While the mapping of mature and hairpin miRNA sequences to assembled genomes is readily available in miRBase, the extents of only very few primary miRNA transcripts (pri-miRNA) are determined and annotated. For intronic miRNAs, the pri-miRNA is assumed to be the protein- (or non-)coding host transcript. Information about the extents of intergenic pri-miRNAs can be inferred from collective analysis of genomic features such as transcription start sites (TSS), CpG islands, EST and cDNA overlap, DITAG and 5′CAGE data, transcription factor binding sites (TFBS) and polyadenylation site predictions (polyA). A detailed analysis of these data suggest that pri-miRNA transcripts vary in length from a few hundreds of bases up to tens of kilobases (24). We have recently developed a tool to visualize the relative positions of these predictions and mappings with respect to annotated miRNA genes and clusters. Careful inspection of these data allows the prediction of the 5′ and 3′ boundaries of a significant number of putative pri-miRNAs. For example, Figure 1 shows TSSs, CpG island, ESTs, cDNAs, DITAG (172B22 and 172B221) and polyA site predictions surrounding mmu-mir-135b on mouse chromosome 1, which support a primary transcript of length around 15 kb with 5′ and 3′ ends ~7–8 kb upstream and downstream of the miRNA. Links from each miRNA entry page provide a tabulated list of features overlapping flanking regions of the miRNA with their corresponding coordinates and scores, and a graphical view of the features present in the miRNA gene neighbourhood (as in Figure 1). These views are currently available for human, mouse, rat, worm and fly miRNAs, and will be extended to other organisms in the future. For human, mouse and rat genomes, TSSs are predicted using the Eponine-TSS software (25) at a threshold of 0.990. Drosophila TSS predictions, together with CpG islands, ESTs, cDNAs, repeats and DITAGs for all species are obtained from Ensembl. TFBSs in the flanking regions of human miRNAs are obtained from the conserved TFBS track of the UCSC genome browser (26). Other TFBS data are imported from the regulatory features track of Ensembl. PolyA signals are predicted in-house using the DNAFSMiner method (27) with a cutoff score of 0.6. The ‘Genomics’ section of the miRBase site allows the user to specify flanking and clustering distances, and the range of features desired.

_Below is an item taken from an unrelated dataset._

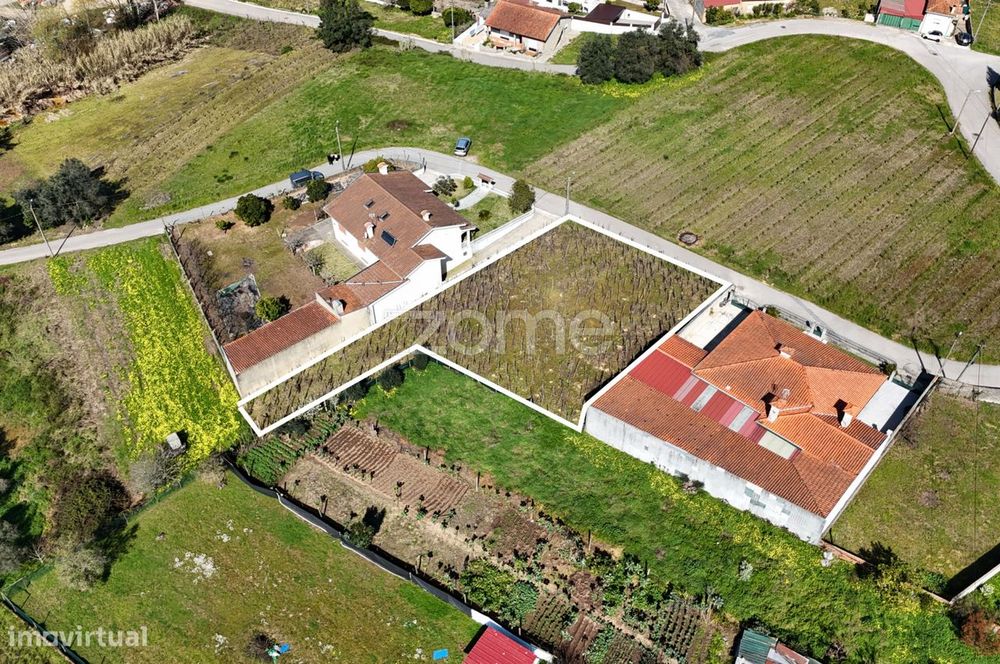 Terreno Urbanizável com 770m2 em Paredes do Bairro - Anadia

miRBase is available on the web at http://microrna.sanger.ac.uk/. All data are available for download from the FTP site (ftp://ftp.sanger.ac.uk/pub/mirbase/) in a variety of formats including FASTA sequences and MYSQL relational database dumps.
S.G.-J. is funded by the University of Manchester. H.K.S. holds a GlaxoSmithKline postdoctoral fellowship, and work at the Sanger Institute is funded by the Wellcome Trust. Funding to pay the Open Access publication charges for this article was provided by the University of Manchester.
Conflict of interest statement. None declared.